Until now I never looked at that link cited above, just the single line quoted in Edlestein's post. 
I wonder now about the status of the Israeli Jews tagged Bene Israel.
...I met Yuval Abraham at a party, again in Mumbai. Yuval was a 37-year-old engineer whose family had returned to the subcontinent from Israel. As a Jew, he had always dreamed of living in the Jewish state, and in 1999 he and his family emigrated to the Negev Desert town of Beersheba. However, within two years they were back in India. Life in Israel was not as rosy as they had imagined. Yuval explained: "In India, we have never experienced any discrimination from Hindus or even Muslims. As Israel was a Jewish state, we thought our lives there would be even better. In fact, it was worse. Forget army service and suicide bombings - what really upset me was the racist attitude of other Jews. In Israel, if you are not a white Ashkenazi [European Jew], you're treated like a second-class citizen." 

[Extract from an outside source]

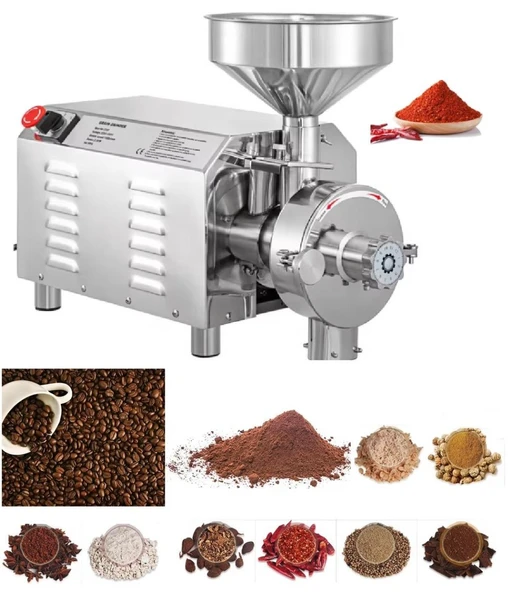 Dalle HK-860 Gıda Fındık Kuru Meyve Toz Yapma Öğütme Makinesi 40 Kg / Saat ürün görseli 1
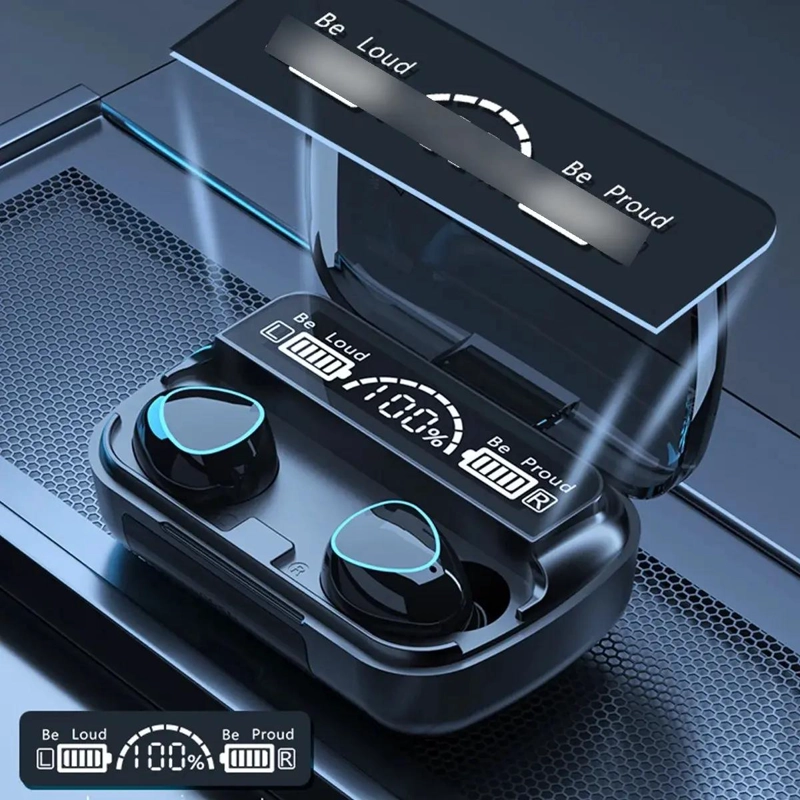 AUDIFONOS BLUETOOTH INALAMBRICOS ESTE REO CON ESTUCHE DE C - 4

As an Indian (although Hindu) who had visited Israel, I could understand his sentiments. On my latest trip, in 2003, I shared a taxi from the airport to Jerusalem with British Jews. I was to be dropped off last because I was the only one staying in Palestinian East Jerusalem.
"Don't you feel scared living there?" asked one female fellow passenger. "No, not really," I replied. I listed the reasons why I didn't stay in the Jewish half of the city: I was stared at; constantly stopped by soldiers for no reason; ignored in bagel shops; shouted at by bus drivers; blanked whenever I asked for directions. 
Yuval belonged to the Bene Israel (Jews from the state of Maharashtra), who form the majority of the 50,000 Indian Jews who, it is estimated, live in Israel. There were two main migrations of India's Jews to Israel. The first came with the almost simultaneous partition of India and Palestine in 1947 and 1948, which led to the creation of the religiously exclusive states of Pakistan and Israel. In Palestine, the estimated 750,000 Palestinians who were forced out of their homes or who fled were replaced by Jews from across the world. From India came the Bene Israel, who were joined in smaller numbers by the Cochin Jews of Kerala and a few Baghdadi Jews from Mumbai.